Given these entries, repeat exactly the lines starting with the one that has "Projet CLIMALEG - serres dans un champ" and going on through the one that has "Water spinach (Kankun)", both included, but none of the pictures.

## Information provided:
= = = = = = =

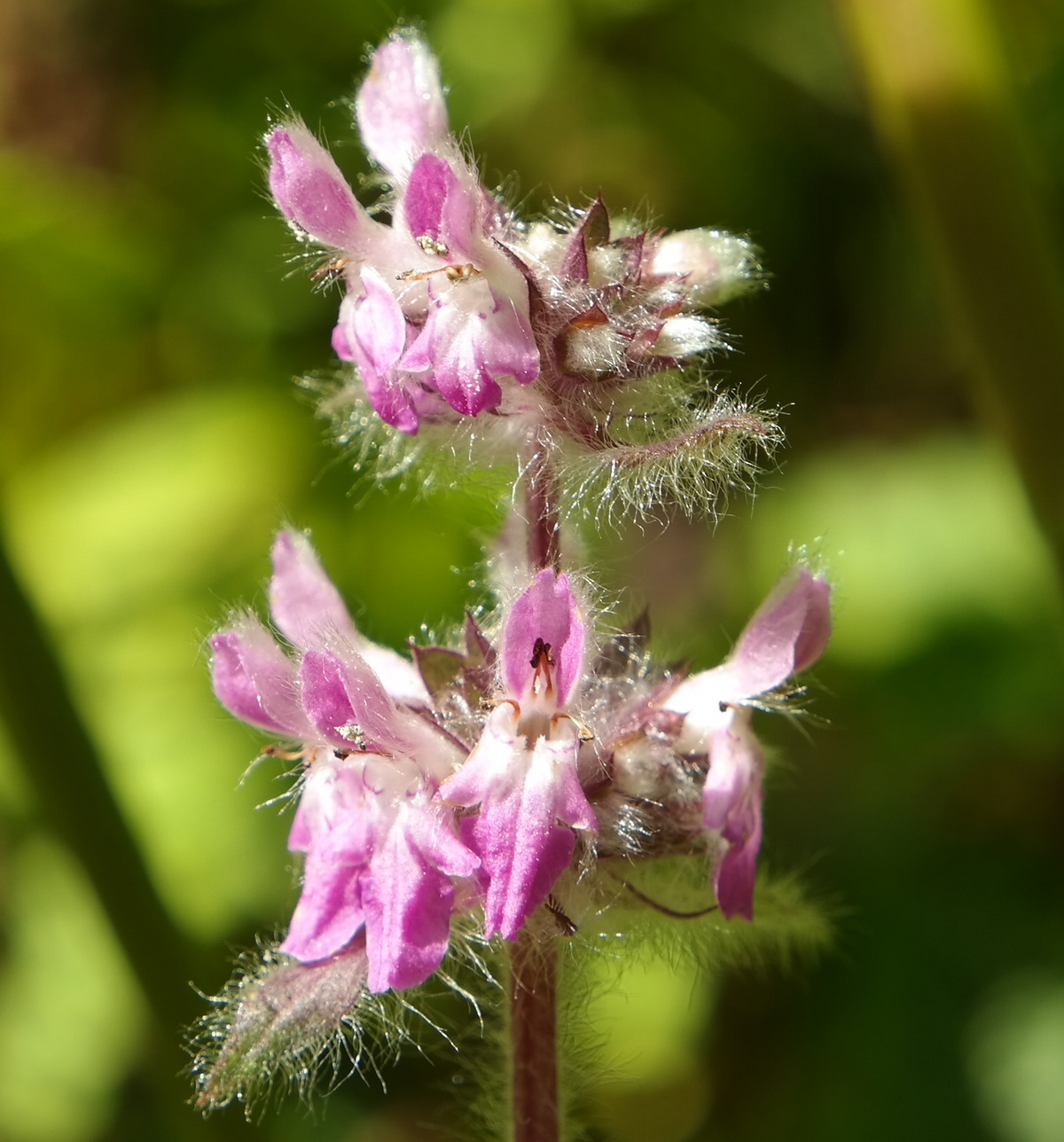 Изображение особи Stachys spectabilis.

= = = = = = =

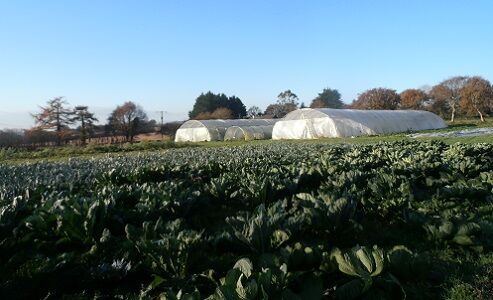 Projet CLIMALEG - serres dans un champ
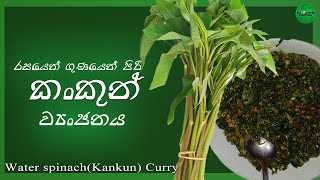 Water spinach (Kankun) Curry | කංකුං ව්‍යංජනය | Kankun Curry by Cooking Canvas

= = = = = = =

## Solution to the problem:
 Projet CLIMALEG - serres dans un champ
 Water spinach (Kankun) Curry | කංකුං ව්‍යංජනය | Kankun Curry by Cooking Canvas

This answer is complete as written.